Here is the rub. You are learning from professors, many of whom are not only admirable and accomplished scholars but also very fine people, who were brought up in a different world. My generation was brought up on the world of books, on electric typewriters, on card catalogues, on key cites in paper volumes, on digests and weighty encyclopedias. We were brought up on the notion that a law review article is the "coin of the realm," even if no one reads it. But, I think that this is not the future. Of course there will always be distinguished law reviews and books. Television didn't force radio out of the market; it just made it "move over."

Thus, I have decided to spend most of my writing time these days in constructing mini-essays. It is not as if I don't write books (I have 10 of them to my name now), but I think the mini-essay is really the way that knowledge should be dispensed. Each mini-essay should take up a specific theme, perhaps a case to analyze, a text to plumb, a doctrine to clarify, a person to introduce, an idea to limn. It should provide a few quick and cogent points. It should leave you, the reader, with something tangible about the subject that you can chew on. It might even inspire you to go more deeply into the subject matter itself. This, then, is the challenge I have set for myself: to introduce the notion of the mini-essay to the world of the Internet. I don't believe it has caught on anyplace yet; I believe it will in 10 years and certainly by the time that you are established lawyers.

Aesthetic Appeal. I am running up against my 1000 words already, so I will be very brief on this point!

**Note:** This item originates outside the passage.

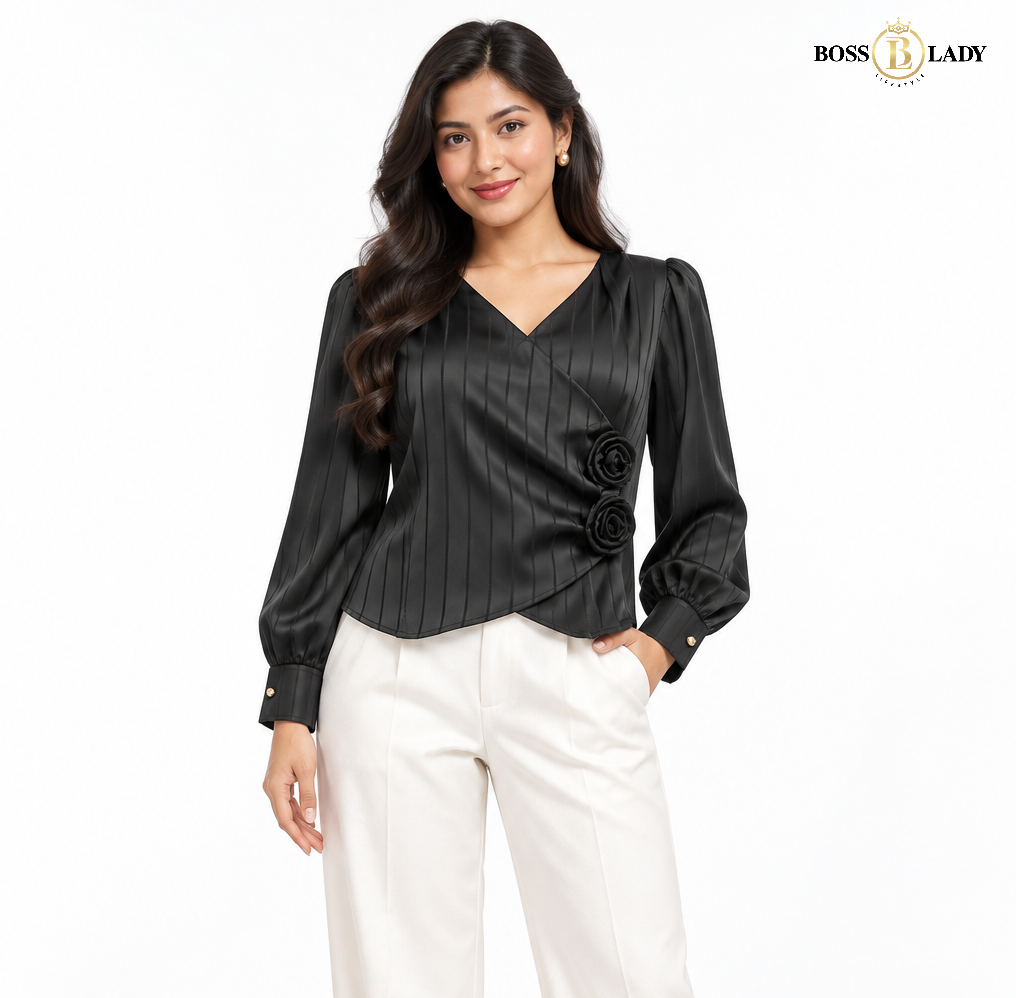 Rosette Wrap-Style Satin Black Shirt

Knowledge will need to be presented in a visually-friendly way to potential readers on the Internet. I try to do it through a pleasing type-face (by the way, Times New Roman works on books but doesn't work on the Internet), through colors that add to the page, through spacing and fairly narrow columns, through well-chosen bolding of the text. I am just learning the aesthetics of web page presentation, to be sure. But your generation wants, even demands, things to be aesthetically appealing for you to take notice of it. And, it will come. My generation demanded lots of money and physical pleasures for itself. Your generation wants things to "catch the eye."

This is enough for one mini-essay, don't you think?